O problema da irreflexão é que aqueles, que se conduzem por códigos e regras, são os primeiros a aderir e a obedecer.
O nazismo, os autoritarismos e as tiranias, que sempre buscam se implantar na humanidade, substituem o não matarás pelo matarás.
Aquele que não pensa possui um eu que não fundou raízes, é um ninguém. São seres humanos que se recusam a serem pessoas. No entender de Jaspers, ser ninguém é pior que ser mau; esse ser, o ninguém, se revela inadequado para o relacionamento com os outros, porque os bons e os maus são, no mínimo, pessoas. É isto que faz da banalidade do mal o pior dos males: espalha-se rapidamente sem necessidade de qualquer ideologia.
O ser livre.
A ideia de que nascemos para a liberdade sugere que de algum modo estamos condenados a sermos livres e esta é uma espantosa responsabilidade da qual se tenta escapar com a ajuda de diversas doutrinas, como o fatalismo, o niilismo ou o fascismo.
Se a pedra de toque de um ato livre é sempre a nossa consciência de que poderíamos ter deixado de fazer aquilo que de fato fizemos, o verdadeiro pensar não aceita as condições sob as quais a vida dos homens é dada.

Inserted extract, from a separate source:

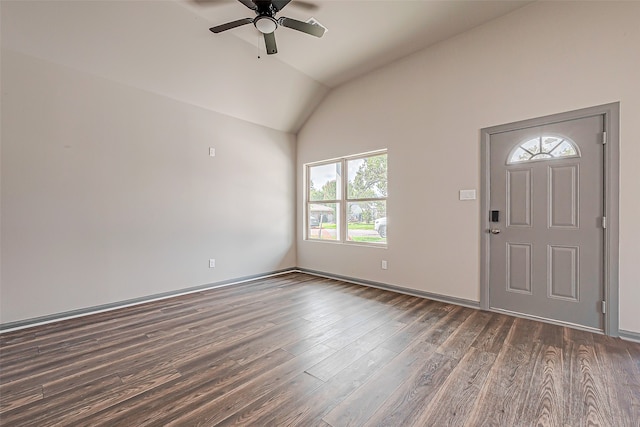 entrance foyer featuring ceiling fan, vaulted ceiling, and dark wood-type flooring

Onde quer que os homens se encontrem, todos nós somos movidos pelo desejo de sermos vistos, ouvidos, comentados, aprovados e respeitados pelas pessoas que nos rodeiam. A virtude por esta paixão, que se chama emulação, o desejo de superar os outros, entretanto, quando se torna um vício transforma-se em ambição o que leva o “homem da polis” a aspirar ao poder por meio da distinção. Aí encontramos os principais vícios e virtudes psicológicas do homem político.
No entanto, quando a vontade de poder se aparta do desejo de distinção, tal como é o caso do tirano ou do espírito que se corrompe no processo, não se trata mais de um vício, mas uma condição que tende a destruir toda a vida política.

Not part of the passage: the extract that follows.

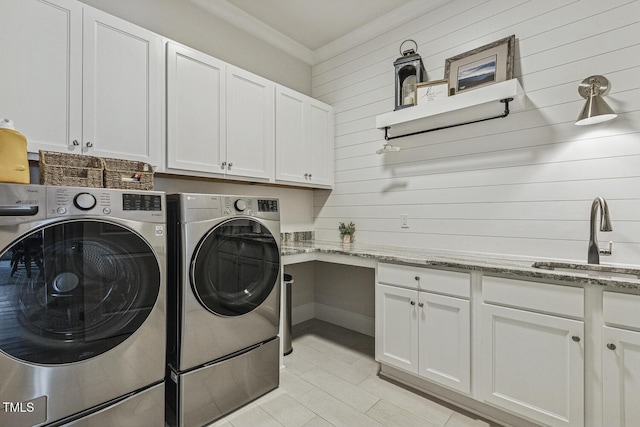 2098 Amalfi Pl, Apex, NC 27502 - laundry room with washing machine and clothes dryer, cabinet space, wood walls, and light tile patterned flooring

E agora o que importa, o que está em questão, já é o valor da própria vida e a possibilidade de perda das asas com que vivenciamos a liberdade, caso abdiquemos da responsabilidade do pensamento crítico!
19 respostas
Sinto que me identifico com todas as formas de pensar e não consigo definir aquela em que melhor me enquadraria.

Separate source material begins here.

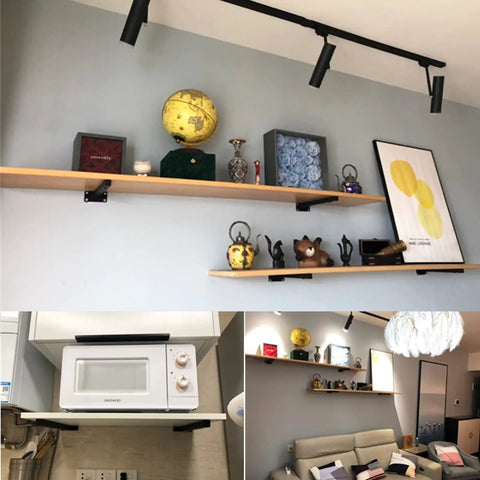 Heavy Duty Black Floating Shelf Brackets 30 Cm Wide Solid Iron Wall Supports holding decorative items on wooden shelves.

Busco um ‘ponto de café ‘, onde pudesse lavar meu rosto e minhas mãos, fazer xixi…voltar ao mundo que circula ao meu redor.
Costumo ver por lentes deformadas, alguma luz que me orienta.
Está bem escrito, gostaria usa para uma monografia, preciso saber como citar.
Bom dia,
Esse texto tem grande significado para todos que se interessam por um livre pensar e fazer. Tais críticas não são fáceis de serem praticadas, mas como somos seres em fazimento, havemos de assumí-las. Caso sejamos abertos cf. Nietzsch ao “eterno retorno”. Informo que se não haver discordância, gostaria de iniciar as disciplinas que ministro em saulas de aulas do 3º Grau, com este, texto seu.
Desejo que tenhas encontros agradáveis e festivos de fins de ano.
Edma José Reis
Absolutamente à tua disposição.
Parabéns, ótimo texto.
O pensar, a distinção, o apartar, são importantes, tal qual plano cartesiano, ampliar os dados para transformar em informações, mas, creio eu, até o momento, que não há nada que faça-nos sentir completude que superar a situação mesmo. É pensar criticamente, apartar, distinguir e em belo aplicar, saciar-se. Fantástico!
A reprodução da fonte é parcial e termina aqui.